--- Dataset ---
=== Begin Enclosure ===

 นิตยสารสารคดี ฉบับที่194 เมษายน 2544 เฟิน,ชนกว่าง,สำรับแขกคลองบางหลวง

=== End Enclosure ===
=== Begin Enclosure ===

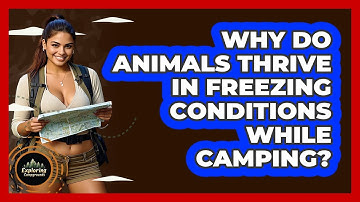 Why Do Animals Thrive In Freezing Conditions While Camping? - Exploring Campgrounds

=== End Enclosure ===
=== Begin Enclosure ===

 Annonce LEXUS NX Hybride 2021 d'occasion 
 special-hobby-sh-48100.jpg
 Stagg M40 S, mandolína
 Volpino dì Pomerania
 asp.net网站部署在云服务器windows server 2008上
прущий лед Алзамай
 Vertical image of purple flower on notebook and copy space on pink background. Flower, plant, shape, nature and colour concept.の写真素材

=== End Enclosure ===

--- Activity ---
In the material above, transcribe exactly the lines beginning at the one with "asp.net网站部署在云服务器windows server 2008上" and ending at the one with "Vertical image of", both included.

--- Result of the task ---
 asp.net网站部署在云服务器windows server 2008上
прущий лед Алзамай
 Vertical image of purple flower on notebook and copy space on pink background. Flower, plant, shape, nature and colour concept.の写真素材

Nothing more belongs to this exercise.